Resource loaded schedules can be a significant undertaking and require careful consideration of many facets of project execution. However, resource loading of hours, budget, staff or other key resources is an effective way to identify and eliminate many “surprises” during the planning stages, when they can be corrected with minimal impact.
Resource loading is therefore expected for project schedules. In many circumstances, the effort to resource load a schedule can make the difference between success and failure.
Resource loading is not just a way to automatically create a staffing chart from the schedule.
Hills and valleys in resource requirements generally represent inefficiencies, so efforts must be made to “level” the resources in schedule. Doing so can provide significant cost savings to the project, often with no impact at all to the overall schedule. Slippage in critical or near-critical activities can have significant negative impacts on a project.
However, if managed properly, activities with ample float can be allowed to slip in a controlled manner without compromising the overall project completion date.
Managing resources includes analyzing options to shift resources from activities with more float to activities with less float. Properly executed, this allows the project manager to reduce the overall project schedule without increasing resources. Schedules can be loaded with one or more resources.

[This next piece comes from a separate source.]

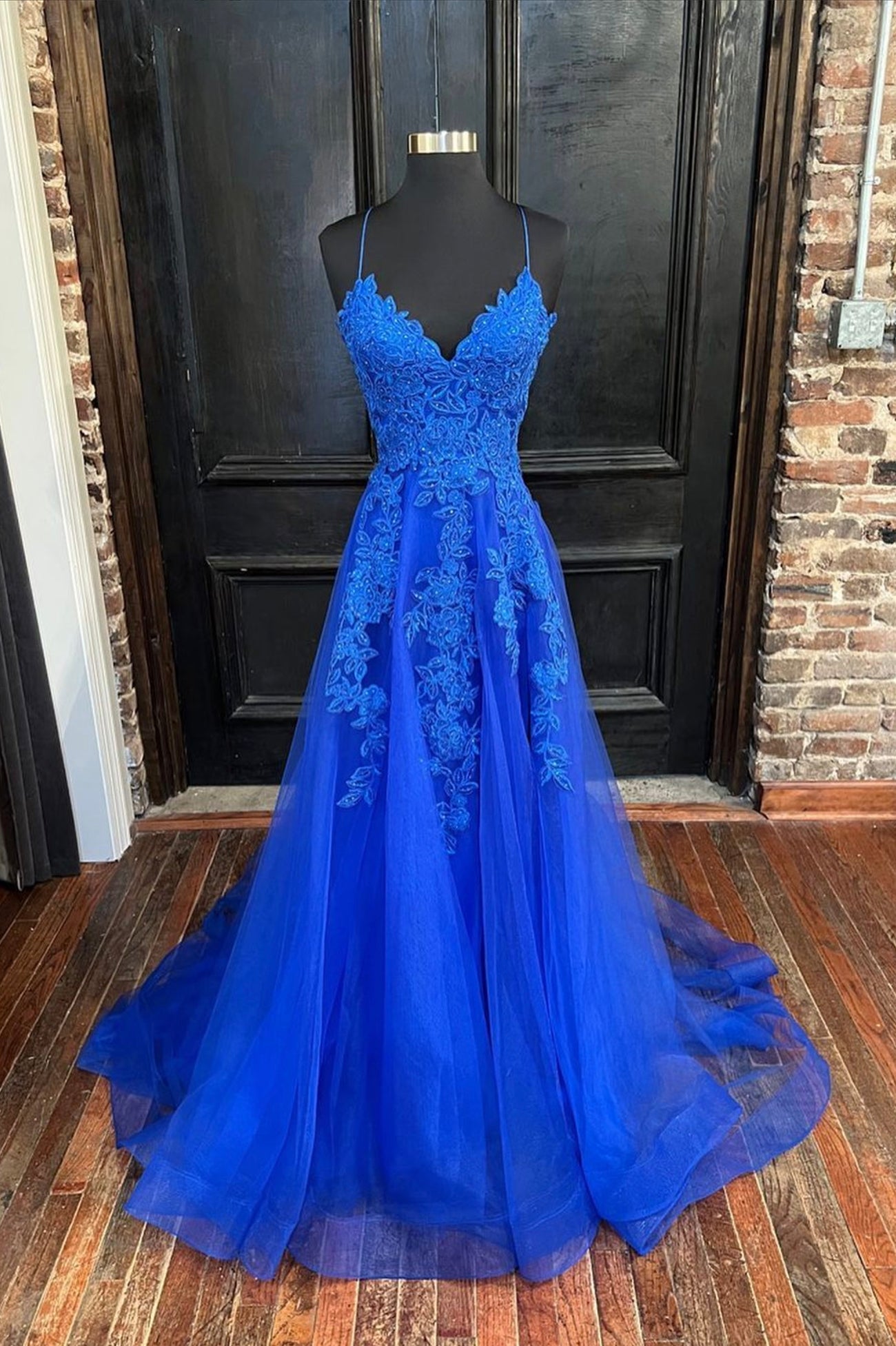 Blue Lace Long A-Line Prom Dress Outfits For Girls, Elegant V-Neck Formal Evening Dress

It is common to load a schedule with costs or total labor hours only, but projects with significant resource constraints may benefit from loading specific types of equipment or loading labor by discipline. When resources are constrained (e.g., only one crane or one technical writer is available), the schedule can produce reports that plot resource use versus availability, and show when the demand exceeds the available capacity.
Activities can be moved or durations changed to bring the resource demand within the true level of availability. In general, resources with float can be extended to reduce the daily resource demand on that activity. This allows resources to be placed where the need is greatest (often characterized by the least float).